Strength, beauty and wisdom are gifts and a blessing when they are G-d given. On the other hand, for one who takes these by force they are the cause of untold anguish and loss.
This, explains the Midrash, was where the tribes of Gad and Reuven fell short. The Sefas Emes (Masei) and Shem Mishmuel (Matos) explain that the fertile farmlands on the eastern banks of the Jordan were actually intended for Reuvan and Gad. Had they waited to receive them from Hashem they would have been fully sanctified, and they would have remained. But after they requested them before the time was ripe, they saw no blessing in their lands.
Winning the Lottery
The Minchas Eliezer writes that while in general one is forbidden to give more than one-fifth of his earnings to tzedakah, this rule does not apply to money that came without toil. He proves this point from the laws of a convert’s inheritance: the estate of a convert who dies without leaving heirs is hefker. The Gemara (Eiruvin 64a) advises one who landed such assets to use them for writing a Sefer Torah as a merit to preserve the assets. Rashi explains that property that came to a person effortlessly carries within it an inherent danger of loss. Therefore, one should spend some of the money on objects of a mitzva, as a merit for the rest to remain his own. The Gemara adds to the list of effortless earnings dowries, findings, and even a windfall in business. The Minchas Eliezer writes that it is obvious that one should give more to tzedakah from earnings that came effortlessly as opposed to regular money, in this case even beyond the proscribed one-fifth.
Earning a lottery can certainly be labeled ‘a hastily acquired in heritance’, so one who wants to ward off “the lottery curse” should give a large portion of his winnings to tzedakah so these earnings, too, should be a blessing to him, and they will remain his own.
One is most certainly obligated to make an effort to make a parnassa and enjoy the fruits of his labor while at the same time place his faith in Hashem, Who ‘provided, provides and will provide” him with all his needs. For this reason, one should always make sure his money is earned honestly, never refrain from giving tzedakah and set aside regular times for Torah study.

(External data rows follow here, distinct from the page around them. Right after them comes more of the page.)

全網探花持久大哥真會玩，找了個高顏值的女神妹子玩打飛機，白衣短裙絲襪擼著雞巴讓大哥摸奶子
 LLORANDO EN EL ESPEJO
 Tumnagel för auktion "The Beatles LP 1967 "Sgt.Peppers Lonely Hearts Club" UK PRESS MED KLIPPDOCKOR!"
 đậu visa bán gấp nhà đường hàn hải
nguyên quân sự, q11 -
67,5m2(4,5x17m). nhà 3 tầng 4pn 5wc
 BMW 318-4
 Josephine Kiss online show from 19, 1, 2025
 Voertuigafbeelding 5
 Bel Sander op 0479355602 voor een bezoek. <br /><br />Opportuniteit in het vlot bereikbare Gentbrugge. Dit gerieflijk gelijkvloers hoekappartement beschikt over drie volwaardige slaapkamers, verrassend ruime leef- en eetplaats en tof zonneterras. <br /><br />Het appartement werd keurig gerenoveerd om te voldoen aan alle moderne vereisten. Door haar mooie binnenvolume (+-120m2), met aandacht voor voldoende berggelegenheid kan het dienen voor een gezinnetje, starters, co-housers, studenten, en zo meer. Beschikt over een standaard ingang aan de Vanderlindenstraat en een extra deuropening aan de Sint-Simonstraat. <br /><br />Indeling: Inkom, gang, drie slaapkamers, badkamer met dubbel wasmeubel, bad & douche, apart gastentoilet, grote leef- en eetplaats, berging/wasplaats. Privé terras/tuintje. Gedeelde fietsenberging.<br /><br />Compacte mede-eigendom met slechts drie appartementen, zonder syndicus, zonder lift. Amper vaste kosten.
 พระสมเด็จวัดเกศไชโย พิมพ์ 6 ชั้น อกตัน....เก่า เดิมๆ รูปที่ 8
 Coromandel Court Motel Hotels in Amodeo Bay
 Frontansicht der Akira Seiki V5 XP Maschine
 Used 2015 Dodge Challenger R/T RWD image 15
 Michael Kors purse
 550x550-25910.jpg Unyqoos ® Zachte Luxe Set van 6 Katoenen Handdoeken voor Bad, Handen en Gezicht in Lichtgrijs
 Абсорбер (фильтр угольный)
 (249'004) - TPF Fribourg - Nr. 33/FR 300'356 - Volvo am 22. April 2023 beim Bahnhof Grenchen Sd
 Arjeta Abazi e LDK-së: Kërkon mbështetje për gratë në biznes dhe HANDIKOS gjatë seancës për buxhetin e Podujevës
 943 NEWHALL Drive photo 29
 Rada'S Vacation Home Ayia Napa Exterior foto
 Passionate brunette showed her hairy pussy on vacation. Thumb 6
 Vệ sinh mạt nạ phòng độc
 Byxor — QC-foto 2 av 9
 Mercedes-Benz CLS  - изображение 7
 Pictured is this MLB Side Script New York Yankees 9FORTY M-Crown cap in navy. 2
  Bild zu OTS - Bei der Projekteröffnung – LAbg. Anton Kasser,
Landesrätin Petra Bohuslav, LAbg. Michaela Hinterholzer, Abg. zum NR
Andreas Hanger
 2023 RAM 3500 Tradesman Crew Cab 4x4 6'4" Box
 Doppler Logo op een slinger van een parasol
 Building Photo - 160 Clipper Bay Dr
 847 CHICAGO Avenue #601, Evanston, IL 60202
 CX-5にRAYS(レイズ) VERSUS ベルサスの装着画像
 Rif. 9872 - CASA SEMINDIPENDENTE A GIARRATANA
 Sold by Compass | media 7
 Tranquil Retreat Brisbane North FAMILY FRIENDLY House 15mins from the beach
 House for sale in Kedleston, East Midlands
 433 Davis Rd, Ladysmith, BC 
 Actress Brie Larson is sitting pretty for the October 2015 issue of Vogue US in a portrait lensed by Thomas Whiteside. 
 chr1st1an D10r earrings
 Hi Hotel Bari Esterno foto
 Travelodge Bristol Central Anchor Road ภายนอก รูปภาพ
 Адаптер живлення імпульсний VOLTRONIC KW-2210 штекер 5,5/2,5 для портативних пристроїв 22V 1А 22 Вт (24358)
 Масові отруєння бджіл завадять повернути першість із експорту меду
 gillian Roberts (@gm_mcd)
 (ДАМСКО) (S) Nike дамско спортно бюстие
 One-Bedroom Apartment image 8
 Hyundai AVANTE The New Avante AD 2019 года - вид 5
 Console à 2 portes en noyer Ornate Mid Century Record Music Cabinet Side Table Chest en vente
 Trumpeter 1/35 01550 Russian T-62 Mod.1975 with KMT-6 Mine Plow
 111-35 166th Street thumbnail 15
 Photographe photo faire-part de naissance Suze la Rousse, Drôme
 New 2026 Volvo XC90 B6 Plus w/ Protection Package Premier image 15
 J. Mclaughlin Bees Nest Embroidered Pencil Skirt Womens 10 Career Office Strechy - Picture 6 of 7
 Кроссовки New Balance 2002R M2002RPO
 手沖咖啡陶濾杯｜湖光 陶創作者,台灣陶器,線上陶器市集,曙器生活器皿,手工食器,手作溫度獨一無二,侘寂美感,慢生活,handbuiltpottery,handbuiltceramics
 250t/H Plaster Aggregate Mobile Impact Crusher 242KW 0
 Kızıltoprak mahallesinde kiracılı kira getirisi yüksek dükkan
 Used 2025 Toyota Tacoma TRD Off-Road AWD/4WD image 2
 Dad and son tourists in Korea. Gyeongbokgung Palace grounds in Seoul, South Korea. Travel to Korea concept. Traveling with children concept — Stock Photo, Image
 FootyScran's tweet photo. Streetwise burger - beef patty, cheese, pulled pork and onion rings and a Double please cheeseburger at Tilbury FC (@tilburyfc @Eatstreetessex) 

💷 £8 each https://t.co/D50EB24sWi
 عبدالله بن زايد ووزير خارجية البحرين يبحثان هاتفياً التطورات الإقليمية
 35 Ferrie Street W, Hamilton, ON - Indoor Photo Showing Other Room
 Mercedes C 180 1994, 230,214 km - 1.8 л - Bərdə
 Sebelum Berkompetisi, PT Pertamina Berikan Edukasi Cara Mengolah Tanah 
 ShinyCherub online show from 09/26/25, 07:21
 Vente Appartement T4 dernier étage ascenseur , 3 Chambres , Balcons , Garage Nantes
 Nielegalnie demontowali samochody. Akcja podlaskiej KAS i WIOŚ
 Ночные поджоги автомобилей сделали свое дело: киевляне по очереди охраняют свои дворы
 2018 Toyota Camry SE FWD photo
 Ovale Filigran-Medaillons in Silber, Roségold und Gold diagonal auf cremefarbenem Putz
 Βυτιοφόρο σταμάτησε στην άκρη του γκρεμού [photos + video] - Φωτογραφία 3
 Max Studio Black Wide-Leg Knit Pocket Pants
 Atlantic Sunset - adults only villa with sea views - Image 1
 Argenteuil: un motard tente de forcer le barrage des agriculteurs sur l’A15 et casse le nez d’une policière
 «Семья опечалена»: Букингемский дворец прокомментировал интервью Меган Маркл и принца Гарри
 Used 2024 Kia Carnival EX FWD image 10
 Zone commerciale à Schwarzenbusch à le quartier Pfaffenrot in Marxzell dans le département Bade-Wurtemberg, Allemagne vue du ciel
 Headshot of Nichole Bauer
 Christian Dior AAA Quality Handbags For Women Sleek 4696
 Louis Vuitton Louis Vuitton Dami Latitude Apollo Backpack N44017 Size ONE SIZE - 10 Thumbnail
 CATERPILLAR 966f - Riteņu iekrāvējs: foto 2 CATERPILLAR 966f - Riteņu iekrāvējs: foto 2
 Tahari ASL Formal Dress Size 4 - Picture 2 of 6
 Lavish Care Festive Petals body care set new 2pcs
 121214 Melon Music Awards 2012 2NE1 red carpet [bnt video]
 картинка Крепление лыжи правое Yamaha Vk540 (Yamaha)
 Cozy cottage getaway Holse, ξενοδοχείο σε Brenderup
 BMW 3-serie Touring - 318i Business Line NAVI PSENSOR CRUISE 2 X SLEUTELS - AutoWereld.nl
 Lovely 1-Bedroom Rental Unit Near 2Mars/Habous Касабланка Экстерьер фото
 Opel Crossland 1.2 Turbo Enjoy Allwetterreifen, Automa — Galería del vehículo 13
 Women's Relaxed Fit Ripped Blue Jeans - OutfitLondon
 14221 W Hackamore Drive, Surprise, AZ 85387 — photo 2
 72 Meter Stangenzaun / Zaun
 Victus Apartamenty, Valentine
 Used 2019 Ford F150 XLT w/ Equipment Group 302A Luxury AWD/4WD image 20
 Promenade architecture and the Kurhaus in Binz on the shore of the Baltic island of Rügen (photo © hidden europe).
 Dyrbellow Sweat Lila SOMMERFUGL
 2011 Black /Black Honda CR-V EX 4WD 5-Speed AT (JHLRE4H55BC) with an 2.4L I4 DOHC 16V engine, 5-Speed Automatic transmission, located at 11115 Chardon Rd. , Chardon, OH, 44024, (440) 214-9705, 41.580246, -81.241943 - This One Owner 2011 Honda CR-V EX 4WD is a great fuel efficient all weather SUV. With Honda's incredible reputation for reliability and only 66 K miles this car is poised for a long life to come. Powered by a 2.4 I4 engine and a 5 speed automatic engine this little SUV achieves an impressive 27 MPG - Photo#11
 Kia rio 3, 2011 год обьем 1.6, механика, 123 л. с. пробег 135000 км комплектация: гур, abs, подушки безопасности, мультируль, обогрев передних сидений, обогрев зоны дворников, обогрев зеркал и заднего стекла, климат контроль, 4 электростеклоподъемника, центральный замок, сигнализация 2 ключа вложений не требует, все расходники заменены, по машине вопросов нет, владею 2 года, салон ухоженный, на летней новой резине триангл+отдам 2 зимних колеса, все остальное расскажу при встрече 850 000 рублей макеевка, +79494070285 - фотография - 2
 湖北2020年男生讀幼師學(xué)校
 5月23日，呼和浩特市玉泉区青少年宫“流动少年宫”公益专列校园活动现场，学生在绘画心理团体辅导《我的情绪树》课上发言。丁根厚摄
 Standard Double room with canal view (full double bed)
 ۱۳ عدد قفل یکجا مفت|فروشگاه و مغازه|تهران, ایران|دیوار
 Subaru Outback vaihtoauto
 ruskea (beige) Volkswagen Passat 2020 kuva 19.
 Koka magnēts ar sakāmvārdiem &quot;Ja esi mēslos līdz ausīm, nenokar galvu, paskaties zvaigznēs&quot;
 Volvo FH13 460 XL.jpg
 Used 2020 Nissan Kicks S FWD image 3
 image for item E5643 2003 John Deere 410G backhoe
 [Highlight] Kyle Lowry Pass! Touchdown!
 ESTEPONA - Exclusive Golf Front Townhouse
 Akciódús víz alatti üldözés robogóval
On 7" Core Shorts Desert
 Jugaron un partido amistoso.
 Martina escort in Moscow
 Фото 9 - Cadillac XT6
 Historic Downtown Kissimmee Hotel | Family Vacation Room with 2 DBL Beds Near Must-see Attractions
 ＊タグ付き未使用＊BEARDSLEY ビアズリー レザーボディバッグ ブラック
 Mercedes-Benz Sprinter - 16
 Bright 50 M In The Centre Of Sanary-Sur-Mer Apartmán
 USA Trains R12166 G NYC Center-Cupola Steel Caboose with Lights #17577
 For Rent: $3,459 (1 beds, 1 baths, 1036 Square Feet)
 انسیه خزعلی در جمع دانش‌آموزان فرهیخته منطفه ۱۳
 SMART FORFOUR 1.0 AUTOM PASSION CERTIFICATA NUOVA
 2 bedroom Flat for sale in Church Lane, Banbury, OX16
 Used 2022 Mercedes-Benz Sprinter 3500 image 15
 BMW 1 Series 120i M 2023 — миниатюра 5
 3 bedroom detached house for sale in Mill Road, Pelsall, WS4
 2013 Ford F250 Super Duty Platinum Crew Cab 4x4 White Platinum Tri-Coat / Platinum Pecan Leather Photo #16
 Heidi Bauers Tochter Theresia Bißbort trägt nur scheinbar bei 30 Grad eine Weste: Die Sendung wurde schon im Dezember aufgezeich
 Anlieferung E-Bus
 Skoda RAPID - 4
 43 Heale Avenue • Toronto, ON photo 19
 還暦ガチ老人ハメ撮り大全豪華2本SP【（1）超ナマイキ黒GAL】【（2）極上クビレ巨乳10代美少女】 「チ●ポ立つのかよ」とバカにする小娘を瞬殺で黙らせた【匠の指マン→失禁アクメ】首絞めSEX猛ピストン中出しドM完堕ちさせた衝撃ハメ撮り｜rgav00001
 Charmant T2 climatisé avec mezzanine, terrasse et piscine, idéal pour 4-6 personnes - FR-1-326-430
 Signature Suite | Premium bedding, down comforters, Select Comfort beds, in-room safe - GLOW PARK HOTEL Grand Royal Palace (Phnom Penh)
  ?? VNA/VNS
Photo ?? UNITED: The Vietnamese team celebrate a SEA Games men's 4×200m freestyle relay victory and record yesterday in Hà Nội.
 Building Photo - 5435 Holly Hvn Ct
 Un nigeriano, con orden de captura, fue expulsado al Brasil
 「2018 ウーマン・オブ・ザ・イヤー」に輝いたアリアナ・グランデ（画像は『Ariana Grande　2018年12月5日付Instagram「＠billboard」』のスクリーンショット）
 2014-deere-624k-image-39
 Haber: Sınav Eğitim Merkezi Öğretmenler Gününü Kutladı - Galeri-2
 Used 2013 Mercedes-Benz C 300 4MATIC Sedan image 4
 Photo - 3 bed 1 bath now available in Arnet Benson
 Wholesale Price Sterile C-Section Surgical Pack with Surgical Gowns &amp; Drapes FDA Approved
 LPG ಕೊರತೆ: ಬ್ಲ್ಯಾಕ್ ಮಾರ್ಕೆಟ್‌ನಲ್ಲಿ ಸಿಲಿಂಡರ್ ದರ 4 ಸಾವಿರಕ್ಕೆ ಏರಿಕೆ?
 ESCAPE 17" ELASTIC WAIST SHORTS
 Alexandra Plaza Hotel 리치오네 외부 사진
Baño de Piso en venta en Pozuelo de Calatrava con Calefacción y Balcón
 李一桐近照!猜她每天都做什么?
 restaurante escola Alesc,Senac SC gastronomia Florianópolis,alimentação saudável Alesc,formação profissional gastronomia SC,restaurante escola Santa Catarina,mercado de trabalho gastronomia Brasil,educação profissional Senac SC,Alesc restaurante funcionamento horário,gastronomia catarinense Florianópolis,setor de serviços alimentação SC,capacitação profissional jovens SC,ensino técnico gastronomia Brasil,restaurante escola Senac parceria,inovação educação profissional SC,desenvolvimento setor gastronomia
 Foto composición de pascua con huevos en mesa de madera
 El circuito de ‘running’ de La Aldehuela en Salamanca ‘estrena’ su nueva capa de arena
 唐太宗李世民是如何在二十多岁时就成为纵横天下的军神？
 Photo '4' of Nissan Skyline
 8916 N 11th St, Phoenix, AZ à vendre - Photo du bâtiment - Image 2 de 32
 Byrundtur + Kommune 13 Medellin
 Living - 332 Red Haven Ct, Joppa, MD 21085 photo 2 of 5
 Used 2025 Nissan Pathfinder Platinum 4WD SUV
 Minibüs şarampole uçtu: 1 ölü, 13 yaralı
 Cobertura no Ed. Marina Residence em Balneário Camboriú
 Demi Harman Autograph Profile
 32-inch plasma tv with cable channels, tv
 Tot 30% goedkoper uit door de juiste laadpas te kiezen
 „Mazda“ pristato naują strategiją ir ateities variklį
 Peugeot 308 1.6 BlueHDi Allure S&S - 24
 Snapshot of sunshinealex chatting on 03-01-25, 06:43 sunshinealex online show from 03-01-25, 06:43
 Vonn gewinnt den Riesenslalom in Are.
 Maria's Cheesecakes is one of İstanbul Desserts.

One must never make excessive efforts for his parnassa, act rashly or hastily to try and make more. When we rejoice in our lot and know that we have all that we need for completing our mission in life, we will not be tempted by jealously and greed. When the time is ripe we will receive what is rightly coming to us.
Winning the jackpot sounds tempting, but money gotten easily can be easily lost, more than any other monies. Therefore, as an extra precaution against losing one’s money, it is proper to use this kind of income for a mitzva, spending more than one would with his regular income as a merit for financial preservation.
Lastly, one must never forget that even if the beginning looks hard, never forget the passuk (Iyov 8:7) “And your beginning shall be small, but your end shall increase exceedingly.”